Mercelina further explained that one of St. Maarten’s biggest challenges is not only recruiting doctors, but recruiting the right kind of doctors for a small island system. He contrasted the experience of many BIG-registered doctors trained in environments with extensive technology and super-specialization, with the demands placed on physicians in St. Maarten, where medical professionals often must function as broad generalists and respond to a wide range of emergencies and surgeries.

He said that on St. Maarten a doctor may face stab wounds, gunshot wounds, traffic accident trauma, and routine surgical cases, sometimes without the ability to immediately consult large academic centers at night. He described the reality of practicing medicine on an island as requiring professionals who can adapt, “pull up their socks” when more is demanded, and manage high-stakes situations without a university academic backup close at hand. He said the proposed HCPR framework is intended to help the country attract professionals who are better suited to that reality.

Drafting process, structure, and role of legislative expertise

Mercelina explained that government first worked on a draft concept and structure for how a national healthcare professional registry should be formalized. He said the next step required a legislator with the technical skill to translate those ideas into proper ordinance form. He identified Mrs. Aarti Baran as the legislative writer who took the working file and developed it into a draft national ordinance, including the supporting explanatory memorandum.

He stated that at the time she began working on the file, she was officially disconnected from the Council of Advice of St. Maarten. According to the Prime Minister, she worked as a legislative drafter for government, and he and others met with her multiple times to explain the intended direction and content. He said those sessions resulted in what he described as a strong draft ordinance and explanatory memorandum.

Mercelina also addressed a question on whether a public publication was issued to hire a legislative writer, and indicated that was not the route taken. He said the approach chosen was to develop the draft through existing and assigned legislative capacity, while keeping the process transparent and correct.

The Prime Minister emphasized that the draft ordinance still has a full legislative path ahead. He said stakeholders must first review and verify the draft, after which it will follow the normal process, including review by the Council of Advice, then onward through the required governmental steps, and ultimately to Parliament of St. Maarten for ratification.

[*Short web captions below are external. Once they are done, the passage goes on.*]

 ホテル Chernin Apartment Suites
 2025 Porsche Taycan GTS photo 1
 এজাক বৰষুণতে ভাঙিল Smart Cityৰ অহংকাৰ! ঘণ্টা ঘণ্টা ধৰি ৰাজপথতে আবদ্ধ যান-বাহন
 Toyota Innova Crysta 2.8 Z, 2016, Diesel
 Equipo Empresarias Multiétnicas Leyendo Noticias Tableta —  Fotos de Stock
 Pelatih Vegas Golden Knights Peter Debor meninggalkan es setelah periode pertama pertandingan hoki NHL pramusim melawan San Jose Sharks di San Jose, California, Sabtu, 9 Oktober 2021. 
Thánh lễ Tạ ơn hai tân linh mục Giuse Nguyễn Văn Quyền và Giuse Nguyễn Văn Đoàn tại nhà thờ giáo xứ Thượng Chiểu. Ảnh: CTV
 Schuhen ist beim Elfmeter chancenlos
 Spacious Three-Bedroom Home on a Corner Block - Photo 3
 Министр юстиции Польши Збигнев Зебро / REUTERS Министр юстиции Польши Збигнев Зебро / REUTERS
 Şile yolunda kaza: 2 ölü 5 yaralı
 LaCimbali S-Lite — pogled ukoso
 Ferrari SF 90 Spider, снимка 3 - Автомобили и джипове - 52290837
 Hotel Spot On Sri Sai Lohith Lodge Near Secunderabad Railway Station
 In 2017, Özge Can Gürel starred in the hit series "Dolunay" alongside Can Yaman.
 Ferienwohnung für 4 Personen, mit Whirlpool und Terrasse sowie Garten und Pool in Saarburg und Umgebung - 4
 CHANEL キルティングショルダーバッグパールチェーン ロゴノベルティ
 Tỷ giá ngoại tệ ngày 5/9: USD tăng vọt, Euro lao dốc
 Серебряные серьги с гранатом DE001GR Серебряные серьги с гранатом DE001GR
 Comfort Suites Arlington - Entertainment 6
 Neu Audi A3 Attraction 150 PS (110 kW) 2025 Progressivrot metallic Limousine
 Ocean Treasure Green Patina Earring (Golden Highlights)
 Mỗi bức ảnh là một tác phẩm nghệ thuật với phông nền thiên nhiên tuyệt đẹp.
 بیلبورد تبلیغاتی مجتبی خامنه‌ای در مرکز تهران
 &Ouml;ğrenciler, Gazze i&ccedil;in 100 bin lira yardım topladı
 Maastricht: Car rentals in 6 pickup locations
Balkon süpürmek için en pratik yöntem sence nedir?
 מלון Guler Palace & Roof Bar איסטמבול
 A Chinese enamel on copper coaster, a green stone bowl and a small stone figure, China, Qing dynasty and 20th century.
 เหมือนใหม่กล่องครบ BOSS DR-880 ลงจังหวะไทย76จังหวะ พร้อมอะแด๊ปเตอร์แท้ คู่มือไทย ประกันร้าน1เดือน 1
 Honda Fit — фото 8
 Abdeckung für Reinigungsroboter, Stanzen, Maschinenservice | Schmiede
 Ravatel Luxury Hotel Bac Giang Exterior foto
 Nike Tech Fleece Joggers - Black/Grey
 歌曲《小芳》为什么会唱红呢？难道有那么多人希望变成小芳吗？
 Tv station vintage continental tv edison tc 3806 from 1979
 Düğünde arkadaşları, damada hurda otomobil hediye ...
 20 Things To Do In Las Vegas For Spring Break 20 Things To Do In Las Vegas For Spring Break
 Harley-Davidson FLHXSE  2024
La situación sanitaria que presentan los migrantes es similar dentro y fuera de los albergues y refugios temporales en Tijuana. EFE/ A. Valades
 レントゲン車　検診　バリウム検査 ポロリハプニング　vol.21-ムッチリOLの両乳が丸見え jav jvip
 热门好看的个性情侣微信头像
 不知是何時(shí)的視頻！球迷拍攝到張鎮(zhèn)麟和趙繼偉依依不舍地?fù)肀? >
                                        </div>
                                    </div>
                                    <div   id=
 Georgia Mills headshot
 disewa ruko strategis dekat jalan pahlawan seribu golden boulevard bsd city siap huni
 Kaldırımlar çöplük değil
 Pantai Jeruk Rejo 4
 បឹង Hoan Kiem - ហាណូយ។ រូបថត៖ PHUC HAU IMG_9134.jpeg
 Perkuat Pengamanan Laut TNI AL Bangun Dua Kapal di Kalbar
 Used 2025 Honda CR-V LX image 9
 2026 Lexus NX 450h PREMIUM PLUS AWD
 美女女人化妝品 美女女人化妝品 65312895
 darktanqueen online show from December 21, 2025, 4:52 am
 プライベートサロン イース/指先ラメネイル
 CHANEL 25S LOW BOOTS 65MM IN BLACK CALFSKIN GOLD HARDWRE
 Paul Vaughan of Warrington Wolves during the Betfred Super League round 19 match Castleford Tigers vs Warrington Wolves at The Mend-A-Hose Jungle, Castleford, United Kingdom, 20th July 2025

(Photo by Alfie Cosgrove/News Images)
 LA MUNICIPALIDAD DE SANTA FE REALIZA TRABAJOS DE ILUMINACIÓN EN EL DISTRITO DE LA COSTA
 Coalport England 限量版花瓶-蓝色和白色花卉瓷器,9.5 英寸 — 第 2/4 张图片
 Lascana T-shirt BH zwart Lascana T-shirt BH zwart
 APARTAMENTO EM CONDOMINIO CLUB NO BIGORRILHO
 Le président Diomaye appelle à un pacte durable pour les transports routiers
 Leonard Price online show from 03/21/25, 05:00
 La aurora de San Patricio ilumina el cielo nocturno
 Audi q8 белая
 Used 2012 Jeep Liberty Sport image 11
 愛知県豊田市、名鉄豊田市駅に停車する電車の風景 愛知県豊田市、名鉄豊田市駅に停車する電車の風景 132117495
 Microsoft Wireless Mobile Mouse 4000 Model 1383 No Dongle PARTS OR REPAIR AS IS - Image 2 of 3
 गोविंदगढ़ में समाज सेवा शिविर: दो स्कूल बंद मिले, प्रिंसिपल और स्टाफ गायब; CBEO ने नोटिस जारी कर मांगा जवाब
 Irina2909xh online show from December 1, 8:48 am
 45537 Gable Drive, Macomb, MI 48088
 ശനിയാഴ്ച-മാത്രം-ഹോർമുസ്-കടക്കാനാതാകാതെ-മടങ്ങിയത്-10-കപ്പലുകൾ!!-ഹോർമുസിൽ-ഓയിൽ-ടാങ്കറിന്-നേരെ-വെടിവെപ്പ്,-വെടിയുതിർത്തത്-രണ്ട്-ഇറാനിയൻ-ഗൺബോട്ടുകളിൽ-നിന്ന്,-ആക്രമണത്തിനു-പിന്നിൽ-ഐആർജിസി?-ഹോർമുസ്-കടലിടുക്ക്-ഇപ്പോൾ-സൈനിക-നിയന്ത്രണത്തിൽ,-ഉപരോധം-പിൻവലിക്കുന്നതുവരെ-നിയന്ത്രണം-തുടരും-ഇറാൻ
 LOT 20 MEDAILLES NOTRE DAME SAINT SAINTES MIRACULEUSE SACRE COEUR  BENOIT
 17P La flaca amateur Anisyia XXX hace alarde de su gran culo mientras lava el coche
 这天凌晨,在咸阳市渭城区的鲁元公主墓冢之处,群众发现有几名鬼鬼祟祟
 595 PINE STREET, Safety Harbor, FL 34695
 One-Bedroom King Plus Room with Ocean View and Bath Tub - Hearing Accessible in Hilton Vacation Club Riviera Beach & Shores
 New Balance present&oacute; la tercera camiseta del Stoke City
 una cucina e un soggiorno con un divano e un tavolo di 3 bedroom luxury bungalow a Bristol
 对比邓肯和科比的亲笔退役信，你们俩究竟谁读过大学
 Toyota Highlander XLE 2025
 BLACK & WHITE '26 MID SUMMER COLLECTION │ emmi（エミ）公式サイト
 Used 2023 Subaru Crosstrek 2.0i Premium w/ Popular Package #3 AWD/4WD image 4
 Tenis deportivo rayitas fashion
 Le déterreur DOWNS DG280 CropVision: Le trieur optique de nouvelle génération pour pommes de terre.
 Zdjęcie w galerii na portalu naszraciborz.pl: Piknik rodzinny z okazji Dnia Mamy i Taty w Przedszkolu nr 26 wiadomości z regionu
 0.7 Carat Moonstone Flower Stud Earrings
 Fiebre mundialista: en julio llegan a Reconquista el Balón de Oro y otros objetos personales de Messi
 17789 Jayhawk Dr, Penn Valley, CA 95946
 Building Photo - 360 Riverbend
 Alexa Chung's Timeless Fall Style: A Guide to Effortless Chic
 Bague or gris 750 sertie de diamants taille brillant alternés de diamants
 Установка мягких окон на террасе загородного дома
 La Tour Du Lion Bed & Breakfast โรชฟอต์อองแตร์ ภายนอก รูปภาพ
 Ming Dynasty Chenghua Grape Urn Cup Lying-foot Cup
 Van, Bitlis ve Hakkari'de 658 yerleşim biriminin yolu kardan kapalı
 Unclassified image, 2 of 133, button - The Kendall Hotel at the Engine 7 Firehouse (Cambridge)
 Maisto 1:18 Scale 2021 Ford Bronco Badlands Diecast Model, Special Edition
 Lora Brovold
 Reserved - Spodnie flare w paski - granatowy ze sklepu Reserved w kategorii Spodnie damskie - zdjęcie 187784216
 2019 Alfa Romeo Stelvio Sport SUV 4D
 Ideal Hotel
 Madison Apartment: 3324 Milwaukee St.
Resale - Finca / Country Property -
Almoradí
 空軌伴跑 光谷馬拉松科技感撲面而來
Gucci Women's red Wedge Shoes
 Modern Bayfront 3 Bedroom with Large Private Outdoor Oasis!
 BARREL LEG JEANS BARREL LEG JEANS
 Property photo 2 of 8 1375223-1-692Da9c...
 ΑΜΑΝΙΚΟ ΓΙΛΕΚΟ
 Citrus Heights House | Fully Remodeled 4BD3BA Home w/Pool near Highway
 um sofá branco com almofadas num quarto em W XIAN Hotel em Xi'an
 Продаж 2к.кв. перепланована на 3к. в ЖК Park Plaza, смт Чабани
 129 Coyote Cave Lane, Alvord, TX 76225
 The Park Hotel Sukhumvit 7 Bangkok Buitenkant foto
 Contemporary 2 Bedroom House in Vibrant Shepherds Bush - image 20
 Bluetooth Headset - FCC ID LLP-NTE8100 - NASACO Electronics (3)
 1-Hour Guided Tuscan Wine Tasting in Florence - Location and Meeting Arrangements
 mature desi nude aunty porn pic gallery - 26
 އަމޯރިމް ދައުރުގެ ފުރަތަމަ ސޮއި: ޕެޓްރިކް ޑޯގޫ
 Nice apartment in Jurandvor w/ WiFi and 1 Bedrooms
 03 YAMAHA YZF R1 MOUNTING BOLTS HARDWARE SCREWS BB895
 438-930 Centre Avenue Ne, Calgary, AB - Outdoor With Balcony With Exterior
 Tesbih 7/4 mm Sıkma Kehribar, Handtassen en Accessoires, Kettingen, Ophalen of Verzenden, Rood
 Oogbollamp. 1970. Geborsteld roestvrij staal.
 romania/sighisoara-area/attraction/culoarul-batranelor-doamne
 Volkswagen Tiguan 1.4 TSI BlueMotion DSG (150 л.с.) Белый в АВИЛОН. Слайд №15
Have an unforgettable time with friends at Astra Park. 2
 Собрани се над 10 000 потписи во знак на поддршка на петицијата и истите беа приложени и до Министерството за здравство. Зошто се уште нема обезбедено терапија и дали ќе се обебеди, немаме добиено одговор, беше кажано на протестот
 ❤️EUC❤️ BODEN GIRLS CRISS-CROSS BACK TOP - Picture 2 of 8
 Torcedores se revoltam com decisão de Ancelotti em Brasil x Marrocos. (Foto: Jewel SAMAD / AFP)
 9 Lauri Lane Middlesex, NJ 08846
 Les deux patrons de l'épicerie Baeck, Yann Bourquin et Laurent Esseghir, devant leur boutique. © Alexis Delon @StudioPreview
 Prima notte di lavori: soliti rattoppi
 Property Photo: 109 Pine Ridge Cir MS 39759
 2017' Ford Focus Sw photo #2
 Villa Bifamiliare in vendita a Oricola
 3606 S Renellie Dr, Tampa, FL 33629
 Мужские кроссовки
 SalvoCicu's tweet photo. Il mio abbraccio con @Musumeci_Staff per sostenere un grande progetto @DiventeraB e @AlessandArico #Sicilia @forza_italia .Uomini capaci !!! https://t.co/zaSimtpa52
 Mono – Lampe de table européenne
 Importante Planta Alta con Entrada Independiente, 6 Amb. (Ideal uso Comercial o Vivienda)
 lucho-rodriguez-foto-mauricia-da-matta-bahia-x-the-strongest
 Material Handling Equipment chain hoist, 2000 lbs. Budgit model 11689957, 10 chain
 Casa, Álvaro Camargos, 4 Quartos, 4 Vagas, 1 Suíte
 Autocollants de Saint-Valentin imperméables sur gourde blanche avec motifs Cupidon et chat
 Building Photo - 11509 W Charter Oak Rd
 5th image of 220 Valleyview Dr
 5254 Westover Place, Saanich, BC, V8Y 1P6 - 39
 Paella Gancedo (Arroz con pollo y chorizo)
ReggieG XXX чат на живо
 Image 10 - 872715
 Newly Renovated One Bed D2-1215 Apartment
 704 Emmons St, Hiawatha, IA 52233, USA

He also said that while healthcare is not technically his ministry, he brought the file to the Minister responsible and offered the draft so it can be advanced through the proper channel for the benefit of the people of St. Maarten. He noted that when he left the hospital before becoming Prime Minister, colleagues urged him to “do something” for healthcare from the other side of public service, and he said he has not given up on making the registry a reality.

“Two dreams in healthcare”

Prime Minister Mercelina reiterated that establishing a national healthcare professionals registry is a long-standing goal he has carried for years, and he expressed hope that the draft will complete its legislative journey so St. Maarten can finally have its own registration framework anchored in national law. He said he has two dreams in healthcare: replacing BIG through local legislation, and achieving a new hospital for the country.